Sur les conclusions tendant à l'application de l'article L. 761-1 du code de justice administrative et de l'article 37- 2 de la loi du 10 juillet 1991 :

17. Mme D a obtenu le bénéfice de l'aide juridictionnelle totale par une décision du bureau d'aide juridictionnelle près le tribunal judiciaire. Il y a lieu, dans les circonstances de l'espèce, de mettre à la charge de l'Etat le versement à Me Arvis, avocat de Mme D d'une somme de 1 500 euros, ce versement entrainant renonciation à percevoir la somme correspondant à la part contributive de l'Etat.

DECIDE

Article 1er : L'ordonnance n° 1900177 du président de la première chambre du tribunal administratif de la Guadeloupe du 15 octobre 2019 et la décision de retenue sur le traitement de Mme D d'août 2018 sont annulées.
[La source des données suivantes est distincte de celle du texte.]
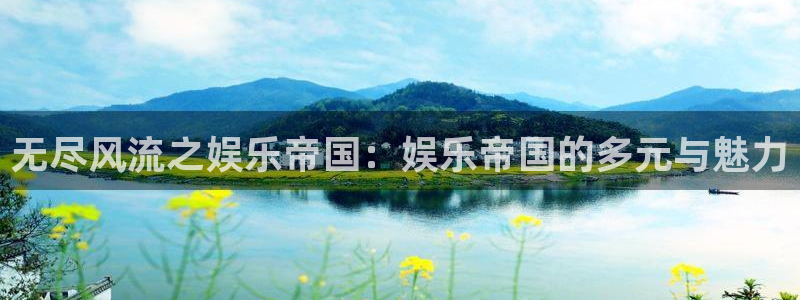 壹号国际app免费下载安装：无尽风流之娱乐帝国：娱乐帝国的多元与魅力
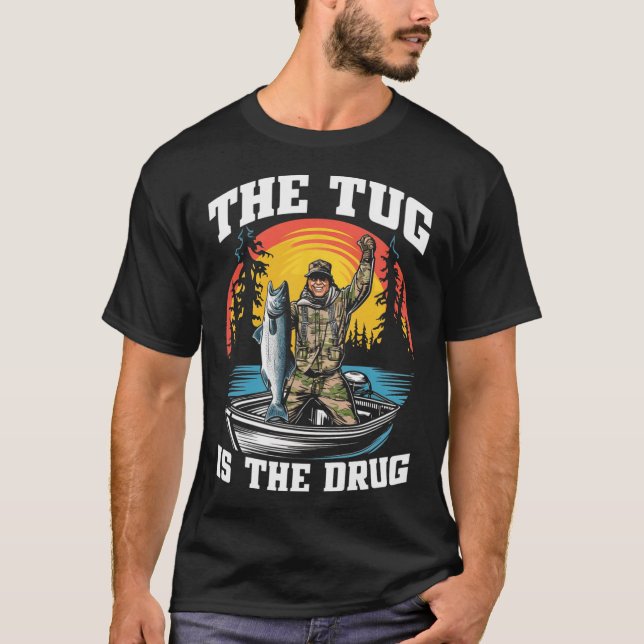 The Tug Is My Drug Funny Fishing Tee For Anglers  (Front)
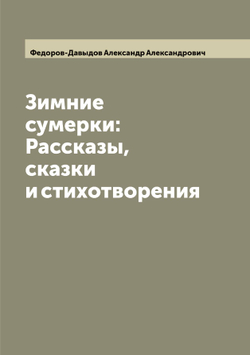 Зимние сумерки: Рассказы, сказки и стихотворения | Федоров-Давыдов Александр Александрович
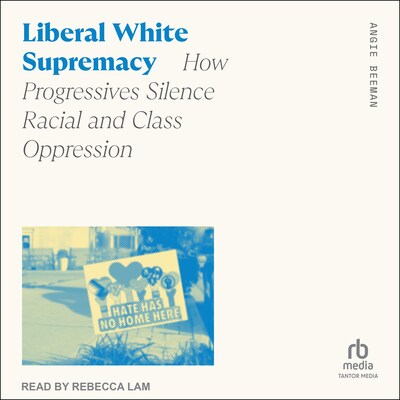 Liberal White Supremacy – omslag til lydbogen af Angie Beeman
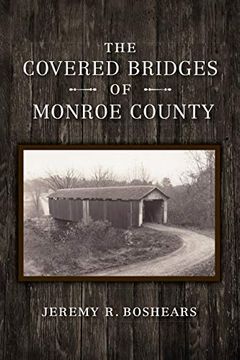 portada The Covered Bridges of Monroe County (en Inglés)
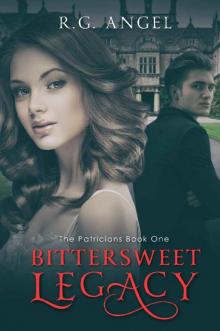 Bittersweet Legacy (The Patricians Book 1)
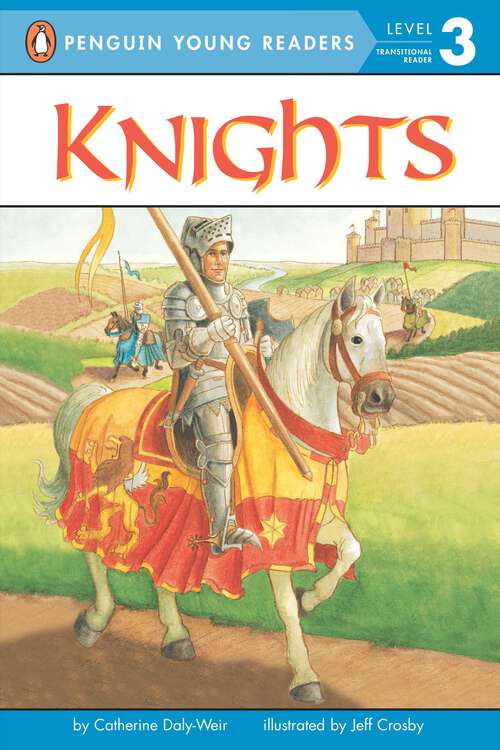 Book cover of Knights (Penguin Young Readers, Level 3)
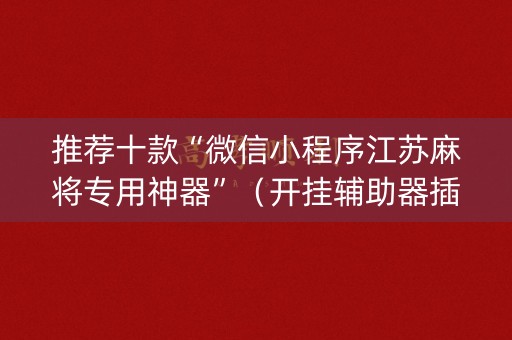 推荐十款“微信小程序江苏麻将专用神器”（开挂辅助器插件)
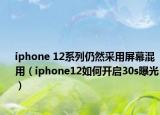 iphone 12系列仍然采用屏幕混用（iphone12如何開啟30s曝光）
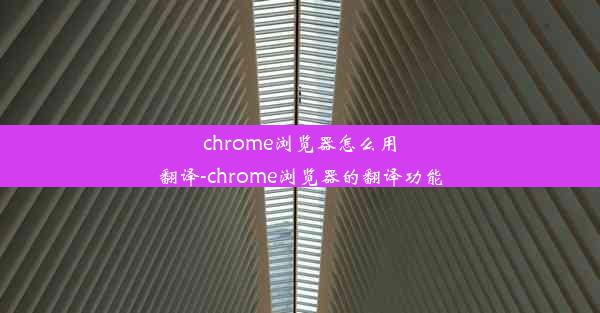 chrome浏览器怎么用翻译-chrome浏览器的翻译功能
Article 2 : La commune du Gosier versera à Me Arvis la somme de 1 500 euros en application des dispositions du deuxième alinéa de l'article 37 de la loi du 10 juillet 1991.

Article 3 : Le présent arrêt sera notifié à Mme C B épouse D et à la commune du Gosier.

Délibéré après l'audience du 16 mai 2022 à laquelle siégeaient :

M. Didier Artus, président,

M. Frédéric Faïck, président-assesseur,

Mme Agnès Bourjol, première conseillère.

Rendu public par mise à disposition au greffe le 7 juin 2022. Le rapporteur,

Frédéric A

Le président,

Didier ArtusLe greffier,

Anthony Fernandez

La République mande et ordonne au préfet de la Guyane en ce qui le concerne, et à tous huissiers de justice à ce requis, en ce qui concerne les voies de droit commun contre les parties privées, de pourvoir à l'exécution du présent arrêt.